YOUR ASSIGNMENT » Give back exactly the lines of the entries below from the line with "Дитяча зубна щітка" to the line with "Villeroy & Boch", inclusive, and only those.

[PROVIDED RECORDS — start]

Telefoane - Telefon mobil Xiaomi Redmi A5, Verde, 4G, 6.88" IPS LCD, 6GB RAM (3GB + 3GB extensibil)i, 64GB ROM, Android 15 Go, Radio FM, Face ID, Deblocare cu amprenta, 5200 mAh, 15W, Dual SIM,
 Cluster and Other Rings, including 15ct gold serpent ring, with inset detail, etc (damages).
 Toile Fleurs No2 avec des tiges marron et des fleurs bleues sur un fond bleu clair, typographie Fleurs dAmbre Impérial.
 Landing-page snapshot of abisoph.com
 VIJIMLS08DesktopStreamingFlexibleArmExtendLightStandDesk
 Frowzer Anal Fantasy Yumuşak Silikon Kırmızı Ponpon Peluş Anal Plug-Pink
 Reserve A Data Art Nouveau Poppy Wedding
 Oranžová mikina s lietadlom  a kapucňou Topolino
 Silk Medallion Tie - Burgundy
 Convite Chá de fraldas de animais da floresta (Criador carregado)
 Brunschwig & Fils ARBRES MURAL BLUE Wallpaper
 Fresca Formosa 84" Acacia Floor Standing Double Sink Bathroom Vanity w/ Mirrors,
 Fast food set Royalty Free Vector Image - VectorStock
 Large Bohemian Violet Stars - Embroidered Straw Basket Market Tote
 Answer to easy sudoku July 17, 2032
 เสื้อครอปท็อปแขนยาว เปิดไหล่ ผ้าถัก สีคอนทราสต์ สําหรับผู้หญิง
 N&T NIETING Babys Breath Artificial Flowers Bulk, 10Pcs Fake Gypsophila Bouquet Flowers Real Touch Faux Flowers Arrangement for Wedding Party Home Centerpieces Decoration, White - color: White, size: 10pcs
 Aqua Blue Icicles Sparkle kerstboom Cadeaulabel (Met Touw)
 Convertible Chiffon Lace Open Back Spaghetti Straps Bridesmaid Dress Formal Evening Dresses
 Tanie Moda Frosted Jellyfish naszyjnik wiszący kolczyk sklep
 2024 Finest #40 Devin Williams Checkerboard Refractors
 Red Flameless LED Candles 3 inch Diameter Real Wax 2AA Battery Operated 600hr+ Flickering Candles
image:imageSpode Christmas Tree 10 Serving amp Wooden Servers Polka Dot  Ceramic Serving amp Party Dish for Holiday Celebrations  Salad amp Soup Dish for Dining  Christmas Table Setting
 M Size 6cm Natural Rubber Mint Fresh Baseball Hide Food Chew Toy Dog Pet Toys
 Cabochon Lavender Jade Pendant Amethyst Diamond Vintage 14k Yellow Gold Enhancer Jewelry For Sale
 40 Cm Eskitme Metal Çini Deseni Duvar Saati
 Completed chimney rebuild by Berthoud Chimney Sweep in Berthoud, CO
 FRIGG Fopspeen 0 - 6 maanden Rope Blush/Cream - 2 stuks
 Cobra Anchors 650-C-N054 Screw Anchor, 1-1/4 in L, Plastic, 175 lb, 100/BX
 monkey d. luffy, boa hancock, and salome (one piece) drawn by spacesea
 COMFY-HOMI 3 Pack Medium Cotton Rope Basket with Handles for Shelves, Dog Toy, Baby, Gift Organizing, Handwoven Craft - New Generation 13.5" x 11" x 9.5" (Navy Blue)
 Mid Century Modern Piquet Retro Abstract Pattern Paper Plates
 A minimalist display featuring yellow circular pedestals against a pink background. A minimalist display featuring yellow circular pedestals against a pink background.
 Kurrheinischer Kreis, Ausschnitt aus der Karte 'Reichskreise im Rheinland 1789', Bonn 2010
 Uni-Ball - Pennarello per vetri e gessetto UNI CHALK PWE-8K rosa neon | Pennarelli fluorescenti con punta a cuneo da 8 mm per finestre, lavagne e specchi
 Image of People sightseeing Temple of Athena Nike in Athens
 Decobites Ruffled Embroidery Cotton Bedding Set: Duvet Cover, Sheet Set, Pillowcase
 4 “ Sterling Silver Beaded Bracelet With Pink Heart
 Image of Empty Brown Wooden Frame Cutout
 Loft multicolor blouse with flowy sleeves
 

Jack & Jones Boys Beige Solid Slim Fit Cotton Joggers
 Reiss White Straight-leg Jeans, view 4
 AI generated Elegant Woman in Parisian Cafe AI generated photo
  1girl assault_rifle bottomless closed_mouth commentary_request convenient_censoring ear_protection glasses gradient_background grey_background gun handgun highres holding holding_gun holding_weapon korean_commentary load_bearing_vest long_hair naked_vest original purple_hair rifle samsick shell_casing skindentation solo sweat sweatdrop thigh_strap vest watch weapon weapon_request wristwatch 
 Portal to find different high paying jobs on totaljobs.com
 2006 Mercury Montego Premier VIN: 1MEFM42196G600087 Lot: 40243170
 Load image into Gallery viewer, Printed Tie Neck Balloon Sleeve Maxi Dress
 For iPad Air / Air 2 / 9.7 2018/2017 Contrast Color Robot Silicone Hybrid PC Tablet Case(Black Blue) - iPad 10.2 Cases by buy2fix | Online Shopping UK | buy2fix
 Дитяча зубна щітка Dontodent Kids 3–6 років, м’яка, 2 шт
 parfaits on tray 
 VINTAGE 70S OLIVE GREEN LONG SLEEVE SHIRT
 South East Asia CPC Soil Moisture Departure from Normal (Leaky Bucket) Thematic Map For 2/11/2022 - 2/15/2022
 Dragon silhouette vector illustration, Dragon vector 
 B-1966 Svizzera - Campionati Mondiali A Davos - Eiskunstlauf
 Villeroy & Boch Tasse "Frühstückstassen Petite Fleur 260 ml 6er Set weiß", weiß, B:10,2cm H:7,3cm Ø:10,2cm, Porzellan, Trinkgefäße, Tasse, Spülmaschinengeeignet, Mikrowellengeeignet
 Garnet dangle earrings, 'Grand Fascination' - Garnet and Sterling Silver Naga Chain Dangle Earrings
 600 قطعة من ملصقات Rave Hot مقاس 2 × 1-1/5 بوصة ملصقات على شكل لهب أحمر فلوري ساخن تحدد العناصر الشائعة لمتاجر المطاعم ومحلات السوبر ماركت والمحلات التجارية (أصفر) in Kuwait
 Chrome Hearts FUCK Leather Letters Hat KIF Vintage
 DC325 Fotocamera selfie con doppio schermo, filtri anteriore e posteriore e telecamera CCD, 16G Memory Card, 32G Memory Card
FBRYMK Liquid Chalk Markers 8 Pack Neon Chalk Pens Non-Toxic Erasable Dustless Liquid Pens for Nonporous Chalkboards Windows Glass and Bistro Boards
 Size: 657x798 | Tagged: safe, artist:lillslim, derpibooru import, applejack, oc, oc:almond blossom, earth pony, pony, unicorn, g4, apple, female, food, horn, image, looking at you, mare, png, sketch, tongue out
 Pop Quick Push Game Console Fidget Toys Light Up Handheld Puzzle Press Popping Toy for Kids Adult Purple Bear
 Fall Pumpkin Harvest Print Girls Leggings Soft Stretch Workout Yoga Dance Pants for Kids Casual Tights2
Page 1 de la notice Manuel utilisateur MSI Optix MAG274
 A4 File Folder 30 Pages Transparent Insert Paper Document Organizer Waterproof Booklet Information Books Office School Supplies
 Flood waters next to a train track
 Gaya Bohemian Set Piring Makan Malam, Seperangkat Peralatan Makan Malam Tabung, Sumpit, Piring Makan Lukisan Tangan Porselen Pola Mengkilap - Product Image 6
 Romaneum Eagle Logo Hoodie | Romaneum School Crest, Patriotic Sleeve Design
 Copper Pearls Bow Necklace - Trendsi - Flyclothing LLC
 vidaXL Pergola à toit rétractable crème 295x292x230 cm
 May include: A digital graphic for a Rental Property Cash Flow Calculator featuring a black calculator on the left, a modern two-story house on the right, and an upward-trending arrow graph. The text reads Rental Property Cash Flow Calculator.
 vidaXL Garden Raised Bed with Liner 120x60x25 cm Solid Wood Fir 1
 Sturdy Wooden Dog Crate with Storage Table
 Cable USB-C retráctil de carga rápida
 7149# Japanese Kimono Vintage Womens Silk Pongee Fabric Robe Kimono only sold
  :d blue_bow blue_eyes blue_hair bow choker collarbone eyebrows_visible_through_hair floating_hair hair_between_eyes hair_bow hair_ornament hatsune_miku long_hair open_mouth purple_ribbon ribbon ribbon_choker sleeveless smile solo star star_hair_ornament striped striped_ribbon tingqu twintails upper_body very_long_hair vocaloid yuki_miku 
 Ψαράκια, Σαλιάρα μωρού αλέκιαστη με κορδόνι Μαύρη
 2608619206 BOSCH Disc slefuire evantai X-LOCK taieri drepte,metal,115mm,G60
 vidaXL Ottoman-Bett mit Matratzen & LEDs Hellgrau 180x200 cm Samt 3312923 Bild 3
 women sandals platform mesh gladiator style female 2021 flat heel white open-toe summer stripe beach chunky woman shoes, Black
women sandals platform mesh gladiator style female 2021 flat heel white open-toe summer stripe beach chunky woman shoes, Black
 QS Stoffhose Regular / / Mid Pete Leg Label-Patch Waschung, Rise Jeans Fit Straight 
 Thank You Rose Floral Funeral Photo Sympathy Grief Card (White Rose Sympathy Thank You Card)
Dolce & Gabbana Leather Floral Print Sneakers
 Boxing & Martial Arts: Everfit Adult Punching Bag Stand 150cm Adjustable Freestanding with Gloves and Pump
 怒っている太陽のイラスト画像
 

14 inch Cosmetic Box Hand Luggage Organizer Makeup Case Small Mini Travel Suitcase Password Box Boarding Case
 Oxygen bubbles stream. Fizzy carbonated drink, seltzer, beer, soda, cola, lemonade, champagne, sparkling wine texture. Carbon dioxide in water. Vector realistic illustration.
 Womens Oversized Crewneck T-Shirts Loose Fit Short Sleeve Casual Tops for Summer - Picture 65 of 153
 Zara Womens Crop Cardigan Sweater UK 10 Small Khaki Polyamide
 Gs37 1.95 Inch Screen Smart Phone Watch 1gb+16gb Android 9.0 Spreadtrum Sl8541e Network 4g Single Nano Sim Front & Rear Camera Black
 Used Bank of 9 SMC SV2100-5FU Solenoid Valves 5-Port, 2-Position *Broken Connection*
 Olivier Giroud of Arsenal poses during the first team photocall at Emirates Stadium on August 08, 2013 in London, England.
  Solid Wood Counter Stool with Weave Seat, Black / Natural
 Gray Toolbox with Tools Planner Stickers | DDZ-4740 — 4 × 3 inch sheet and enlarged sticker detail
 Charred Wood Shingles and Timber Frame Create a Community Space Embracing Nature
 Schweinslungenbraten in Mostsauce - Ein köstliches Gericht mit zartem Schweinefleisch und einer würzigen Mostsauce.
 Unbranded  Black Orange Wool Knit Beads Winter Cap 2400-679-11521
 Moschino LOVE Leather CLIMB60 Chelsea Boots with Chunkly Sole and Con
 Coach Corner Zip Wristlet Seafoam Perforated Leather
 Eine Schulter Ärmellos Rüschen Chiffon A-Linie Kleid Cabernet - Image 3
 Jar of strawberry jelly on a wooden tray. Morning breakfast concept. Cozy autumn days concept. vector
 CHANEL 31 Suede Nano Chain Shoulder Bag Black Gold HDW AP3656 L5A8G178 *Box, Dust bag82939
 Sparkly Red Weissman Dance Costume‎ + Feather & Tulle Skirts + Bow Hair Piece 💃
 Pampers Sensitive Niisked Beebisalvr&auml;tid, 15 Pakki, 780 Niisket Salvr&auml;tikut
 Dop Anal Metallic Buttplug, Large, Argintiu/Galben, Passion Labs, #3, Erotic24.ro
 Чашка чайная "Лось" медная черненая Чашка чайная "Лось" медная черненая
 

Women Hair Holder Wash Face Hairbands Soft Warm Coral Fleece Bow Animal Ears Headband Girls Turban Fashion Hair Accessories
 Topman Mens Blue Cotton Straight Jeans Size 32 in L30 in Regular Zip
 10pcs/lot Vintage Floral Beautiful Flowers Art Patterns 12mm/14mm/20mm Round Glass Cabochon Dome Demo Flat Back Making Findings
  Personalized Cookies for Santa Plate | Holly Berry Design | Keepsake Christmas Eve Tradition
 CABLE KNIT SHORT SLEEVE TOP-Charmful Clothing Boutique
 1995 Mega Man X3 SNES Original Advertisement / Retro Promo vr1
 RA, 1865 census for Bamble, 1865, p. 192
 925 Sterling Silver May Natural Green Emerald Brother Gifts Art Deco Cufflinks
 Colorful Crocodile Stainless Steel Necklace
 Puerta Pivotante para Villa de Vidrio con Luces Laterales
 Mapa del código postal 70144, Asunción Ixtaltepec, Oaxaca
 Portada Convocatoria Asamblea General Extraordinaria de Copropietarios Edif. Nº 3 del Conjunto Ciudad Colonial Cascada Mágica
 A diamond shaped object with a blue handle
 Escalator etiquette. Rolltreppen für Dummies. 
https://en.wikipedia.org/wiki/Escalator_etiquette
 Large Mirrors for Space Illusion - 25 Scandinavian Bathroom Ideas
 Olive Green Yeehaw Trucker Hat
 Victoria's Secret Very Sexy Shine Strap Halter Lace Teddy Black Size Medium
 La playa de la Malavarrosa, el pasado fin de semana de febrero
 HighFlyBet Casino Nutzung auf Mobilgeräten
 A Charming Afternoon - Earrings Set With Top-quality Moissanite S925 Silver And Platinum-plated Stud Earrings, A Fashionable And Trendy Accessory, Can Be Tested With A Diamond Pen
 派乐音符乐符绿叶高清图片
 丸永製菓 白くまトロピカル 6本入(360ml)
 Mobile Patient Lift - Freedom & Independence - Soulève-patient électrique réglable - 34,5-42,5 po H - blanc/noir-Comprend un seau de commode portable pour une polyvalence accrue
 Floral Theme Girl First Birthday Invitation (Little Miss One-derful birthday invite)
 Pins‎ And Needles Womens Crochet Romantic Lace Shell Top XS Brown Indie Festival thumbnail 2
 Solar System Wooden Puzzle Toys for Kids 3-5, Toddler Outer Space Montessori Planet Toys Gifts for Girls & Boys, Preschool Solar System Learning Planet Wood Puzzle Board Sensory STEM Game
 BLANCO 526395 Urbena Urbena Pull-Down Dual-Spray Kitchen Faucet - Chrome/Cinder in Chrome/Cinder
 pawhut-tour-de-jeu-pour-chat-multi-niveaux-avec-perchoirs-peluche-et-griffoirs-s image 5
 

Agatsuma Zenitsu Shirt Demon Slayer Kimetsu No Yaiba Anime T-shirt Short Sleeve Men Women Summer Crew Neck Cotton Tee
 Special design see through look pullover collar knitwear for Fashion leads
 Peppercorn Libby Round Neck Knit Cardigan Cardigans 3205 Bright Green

[PROVIDED RECORDS — finish]

YOUR RESPONSE »
 Дитяча зубна щітка Dontodent Kids 3–6 років, м’яка, 2 шт
 parfaits on tray 
 VINTAGE 70S OLIVE GREEN LONG SLEEVE SHIRT
 South East Asia CPC Soil Moisture Departure from Normal (Leaky Bucket) Thematic Map For 2/11/2022 - 2/15/2022
 Dragon silhouette vector illustration, Dragon vector 
 B-1966 Svizzera - Campionati Mondiali A Davos - Eiskunstlauf
 Villeroy & Boch Tasse "Frühstückstassen Petite Fleur 260 ml 6er Set weiß", weiß, B:10,2cm H:7,3cm Ø:10,2cm, Porzellan, Trinkgefäße, Tasse, Spülmaschinengeeignet, Mikrowellengeeignet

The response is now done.